Tattoos and Muslim fashions do not at first glance seem to go together, but in the hands of a young designer, they can complement each other perfectly.
The aesthetic design of tattoos have become an inspiration for several Muslim clothing designers in a fashion show, which aims to provide a stylistic backdrop to the upcoming Ramadhan.
The tattoo motif has inspired Lia Afif, a designer from East Java, to design unique garments to highlight the characters of those who wear them. The emerging colors in her portfolio were dark purple, pink, dark blue, silver, maroon, gold and black.
Lia is one of 10 designers whose works were showcased at "The Silk of Ramadhan" fashion show at the Mulia Hotel's Cascade Lounge early this week.
"The creativity proves that Muslim fashions, which are worn by many Muslims for other activities besides religious events, are considered as presenting great business opportunities," said Taruna K. Kusmayadi, head of the Indonesian Fashion Designers Association, the promoter of the fashion show.
Muslim fashion in Indonesia is experiencing rapid growth. "I remember about fifteen years ago, society labeled Muslim clothing as 'kampungan' (provincial) because only village prayer-groups wore this kind of thing," he added.
Taruna said that today it's common to see people from all layers of society wearing Muslim outfits.
"The designers of Muslim clothing are no longer only Muslims. They come from other religious backgrounds too."
The designers exhibited their collection at the fashion show for men, women and children, although women's clothing and headscarves still dominated the catwalk. The models for the show strolled off the catwalk, so the spectators on the seats could observe the details close-up.
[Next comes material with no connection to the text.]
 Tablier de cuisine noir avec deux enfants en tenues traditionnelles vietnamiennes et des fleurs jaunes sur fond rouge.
Many of the outfits evolved from customary Muslim clothing, but some of the additions and changes were strikingly modern.
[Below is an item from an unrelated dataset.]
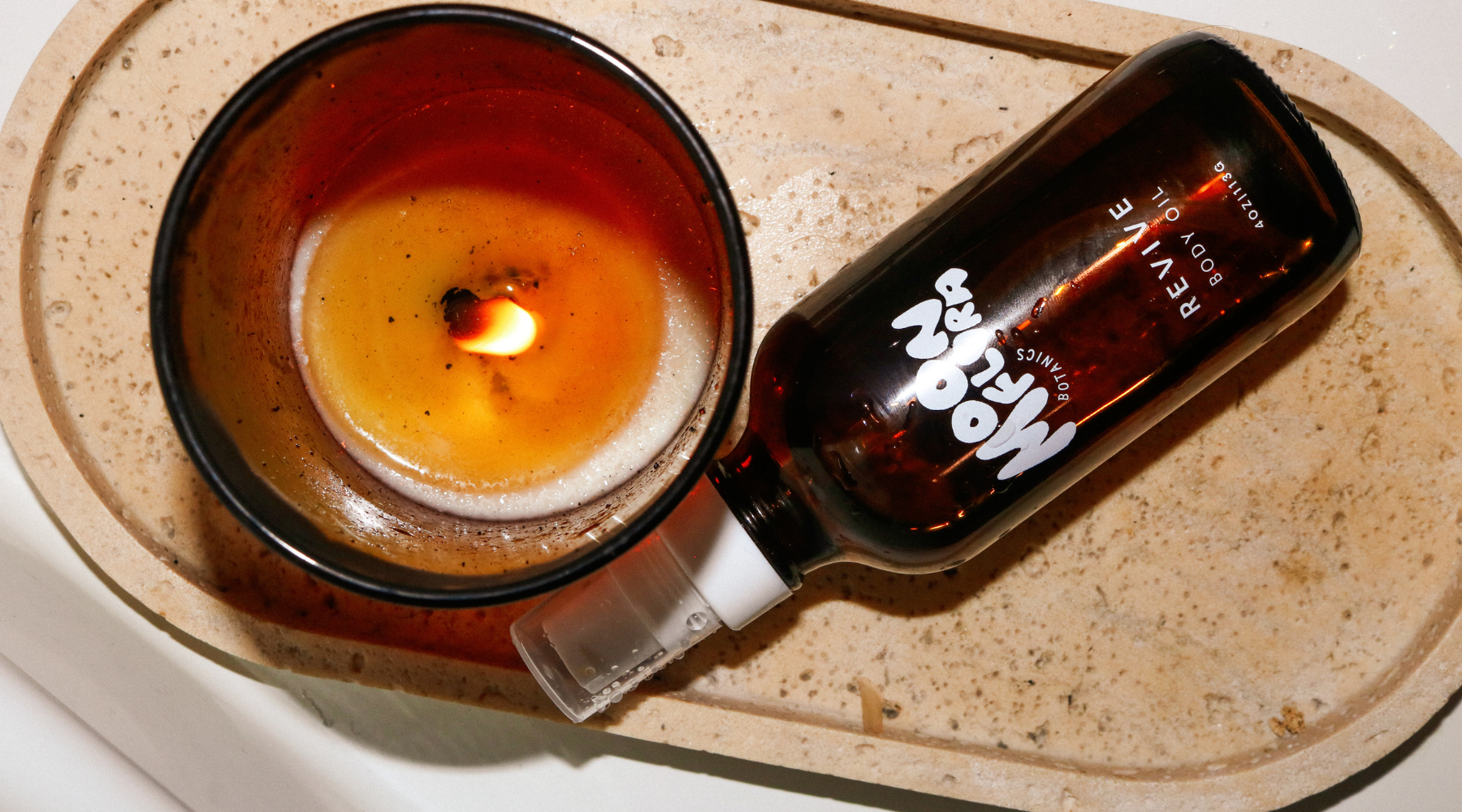 moonflora revive body oil next to a burning candle for a blog about new year 2026 rituals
Hannie Hananto, a designer from Jakarta, designed her garments with "impressions of lightness" at the core of her creativity.
Some of the front segments of her outfits, which were made of organdi and chiffon silk, resembled an othello board with round chips, with striking designs in multiple sizes.
Jeny Tjahyawati from Jakarta came with a neo-classical concept, derived from 1960s fashion concepts. She produced an elegant design from cotton, with colors ranging from natural cream through to black and white.
Many of Jeny's outfits come with a common motif or style to suit the whole family.
Merry Pramono, a designer from Jakarta, went back to 1970s Britain to revive several styles, such as arm and collar design, creating simple kebaya outfits of her own.
Merry designed her garments as ready-to-wear deluxe clothes, with subtle details, such as beads and embroidery on the front, shoulder and arm panels, reminiscent of traditional Middle Eastern desert styles.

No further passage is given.